**Problem to solve:** Using the material below, repeat exactly the lines from the one with "Large Pyrite Cluster being held" through the one with "Botas rojas impermeables", ends included, without any images.

======== Supplied data

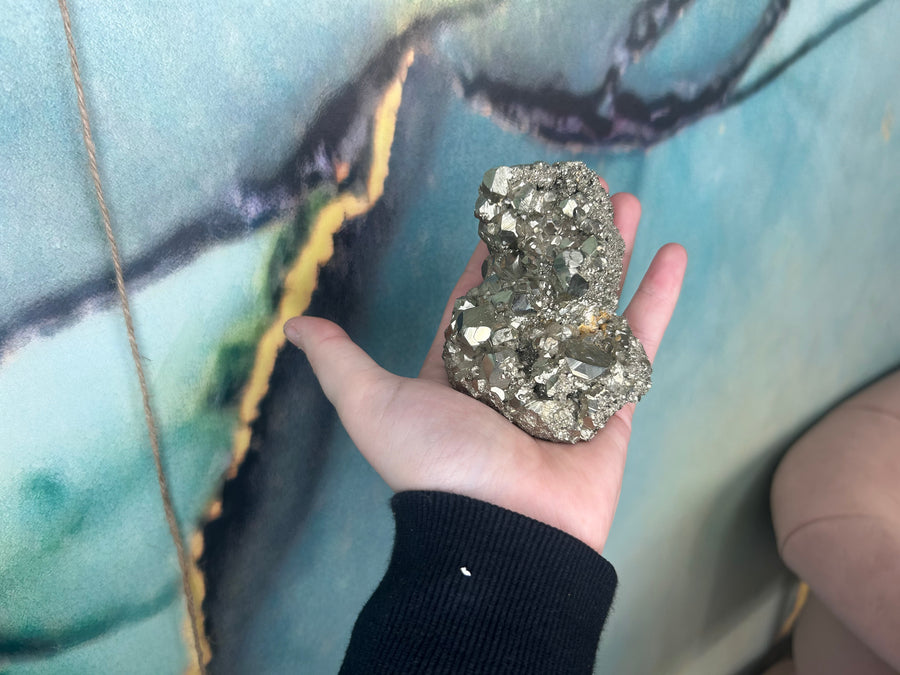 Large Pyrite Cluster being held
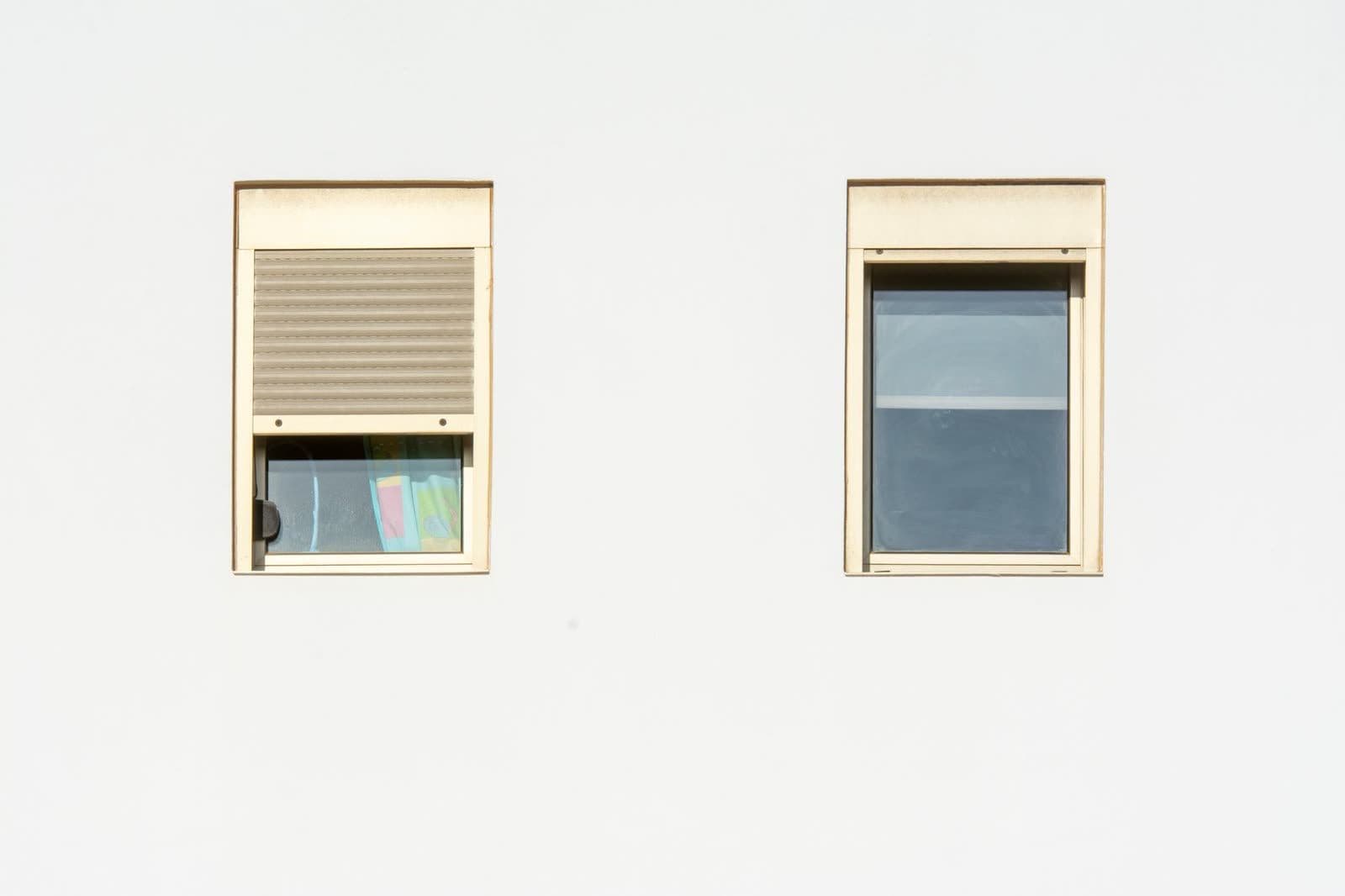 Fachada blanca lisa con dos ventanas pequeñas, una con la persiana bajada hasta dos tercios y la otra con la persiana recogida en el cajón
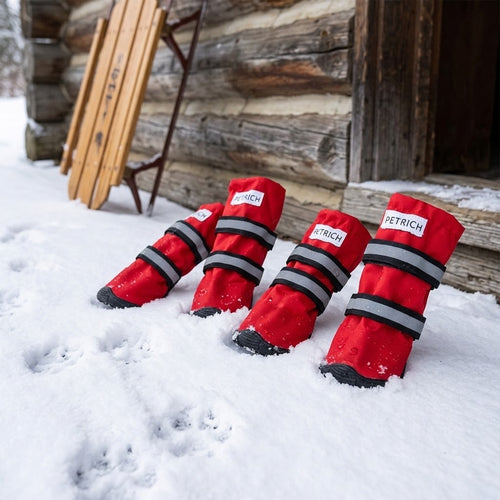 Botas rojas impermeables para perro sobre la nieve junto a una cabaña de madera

================
======== Supplied data

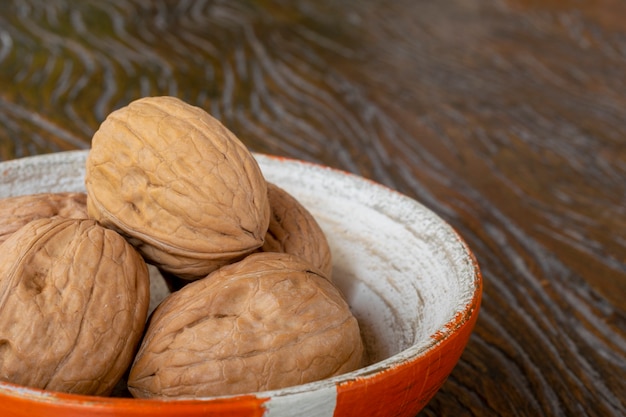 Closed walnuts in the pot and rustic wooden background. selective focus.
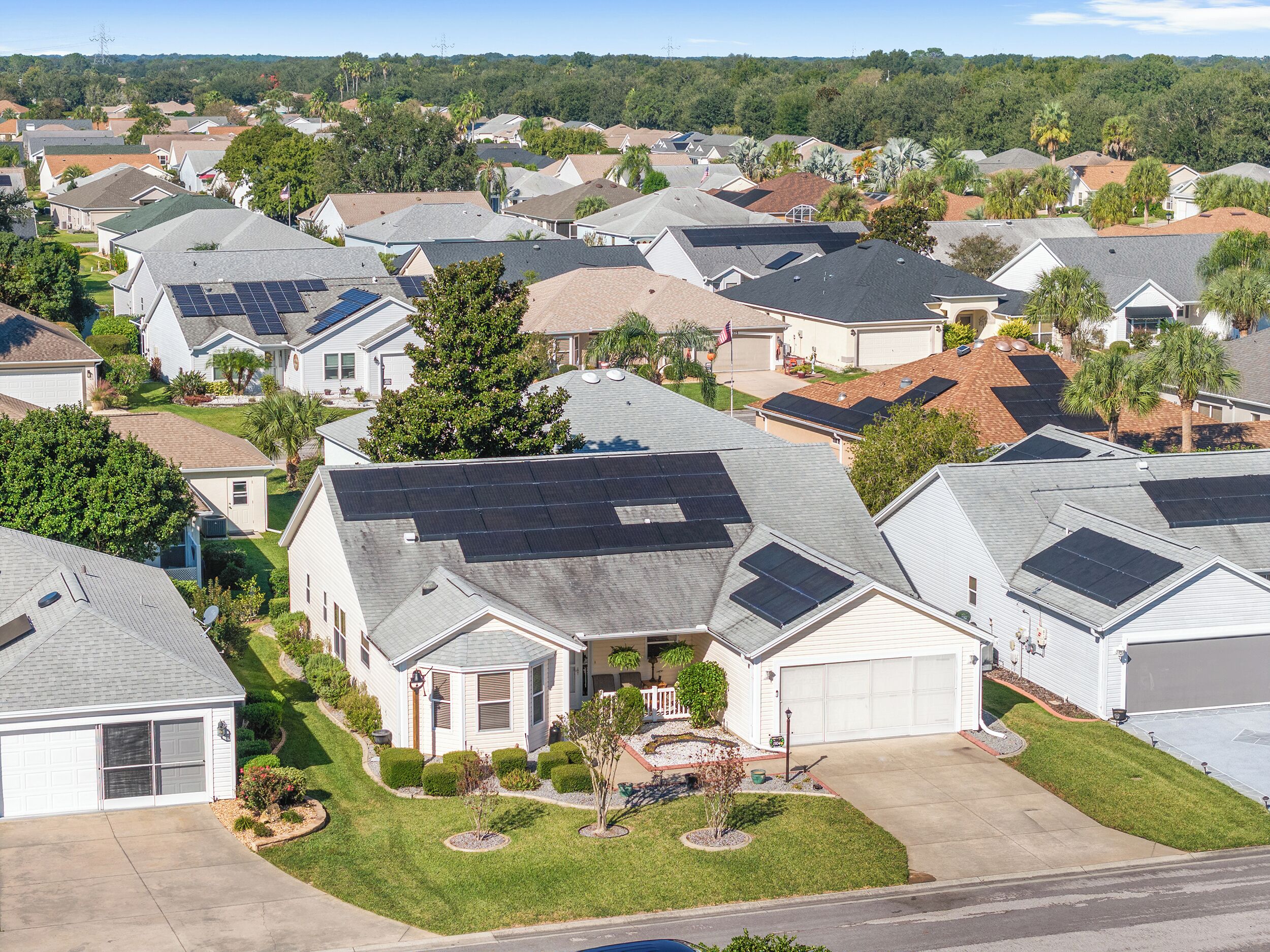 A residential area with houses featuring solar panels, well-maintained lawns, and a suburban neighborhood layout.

================
======== Supplied data

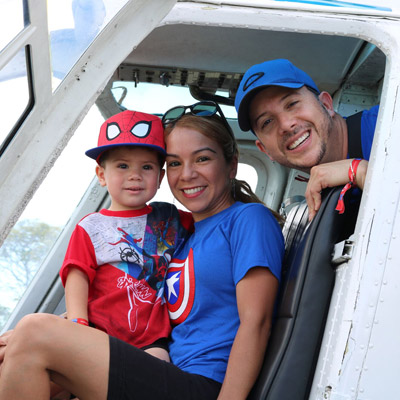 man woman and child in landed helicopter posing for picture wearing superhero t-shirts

================

**Solution:**
 Large Pyrite Cluster being held
 Fachada blanca lisa con dos ventanas pequeñas, una con la persiana bajada hasta dos tercios y la otra con la persiana recogida en el cajón
 Botas rojas impermeables para perro sobre la nieve junto a una cabaña de madera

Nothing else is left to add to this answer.